Die Bilder stammen aus der "hh-wg", einem "200-Quadratmeter-WG-Palast mitten auf der Reeperbahn", wie die Hamburg Marketing GmbH schreibt. Sie sucht - kein Witz - vier junge Leute, die dort ab Oktober ein Jahr lang umsonst wohnen wollen. Drei von ihnen, auch das ist todernst gemeint, erhalten zudem für ein Jahr eine bezahlte Stelle bei den Firmen Otto, Sparda-Bank oder Radio Hamburg. Der vierte Bewohner bekommt eine "Wildcard" - er oder sie darf frei entscheiden, was er in dem Jahr an der Elbe macht. Einzige Bedingung: Das Quartett verpflichtet sich, regelmäßig in sozialen Netzwerken wie Facebook, Twitter oder YouTube über den Alltag an der Elbe zu berichten. Die Kandidaten, die sich bis zum 8. August bewerben mussten, sollten daher nicht aus Hamburg kommen.

534 000 Euro kostet das Projekt, 279 000 davon, also mehr als die Hälfte, trägt die städtische Marketing GmbH. "Mit der WG wollen wir auf Hamburg aufmerksam machen und junge, kreative Menschen für die Stadt begeistern", sagte deren Sprecher Sascha Albertsen dem Abendblatt.

In der Politik hält sich die Begeisterung über die WG jedoch arg in Grenzen, nicht nur wegen der immensen Kosten. "Hamburg Marketing inszeniert hier einen absurden Wettbewerb und spielt mit den Perspektiven junger Menschen", sagt Norbert Hackbusch (Linkspartei), Vorsitzender des Kulturausschusses der Bürgerschaft. Er hatte zwei Kleine Anfragen an den Senat zu der WG gestellt und ist über die Fakten entsetzt. "Die Stadt und ihre Partnerunternehmen benutzen vier junge Leute ein Jahr lang als Statisten für einen Marketing-Gag."

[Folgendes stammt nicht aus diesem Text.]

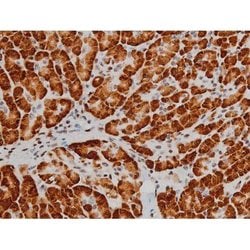 Invitrogen Phospho-ATF2 (Thr69, Thr51) Polyclonal Antibody 100 &mu;L; Unconjugated:Antibodies,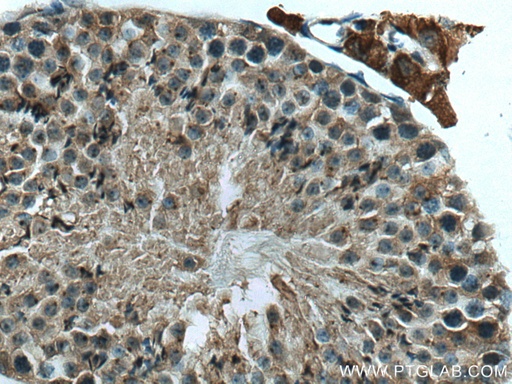 [28828-1-AP-20UL] C6orf134 Polyclonal antibody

Die Marketing GmbH spricht selbst von einem "Gewinnspiel", die vier Bewohner würden in einem "Casting" ermittelt. Das geht so: Von den 51 Bewerbern, von denen sich 30 auf die Wildcard, neun für Radio Hamburg, sieben für die Sparda-Bank und fünf für Otto beworben haben, sucht eine Jury je drei pro Jobangebot aus. Aus den vier Dreier-Gruppen wird dann jeweils einer per Internet-Abstimmung ausgewählt. Halten sie sich nach dem Einzug nicht an die Regeln, verweigern etwa die Kommunikation über den Alltag, drohen Abmahnungen oder gar die Kündigung von Job und/oder Wohnung.

Auch aus Regierungskreisen gibt es Kritik an dem Projekt: "Ich bin darüber nicht glücklich", sagte Andy Grote, Stadtentwicklungsexperte der SPD-Bürgerschaftsfraktion. "Unter jungen Menschen, auch aus anderen Städten, ist Hamburg auch so beliebt. Man muss nicht 280 000 Euro Steuergeld ausgeben, um das über soziale Netzwerke zu verbreiten." Mit Blick auf die angespannte Wohnungssituation und die Debatte über die Gentrifizierung von Szenestadtteilen wie St. Pauli sei das "unpassend". Die Aktion der städtischen PR-Leute wird auch in Senatskreisen kritisch gesehen. Offiziell äußern wollte sich dazu gestern niemand, aber man werde sich damit befassen, hieß es. Für Thorsten Kausch, Geschäftsführer der Hamburg Marketing GmbH und ehemaligen CDU-Bürgerschaftsabgeordneten, dürfte es dann ungemütlich werden. Er hatte erst Ende Juli einen Rüffel erhalten, als die Marketing GmbH via Facebook 5000 Menschen zu Freibier am Elbstrand einlud - ungeachtet der Tatsache, dass kurz zuvor die ebenfalls über Facebook inszenierte Party von "Thessa aus Bramfeld" völlig ausgeartet war. Auf Druck des Senats musste die Freibier-Aktion gestoppt werden. Sie sollte übrigens Werbung für die "hh-wg" sein.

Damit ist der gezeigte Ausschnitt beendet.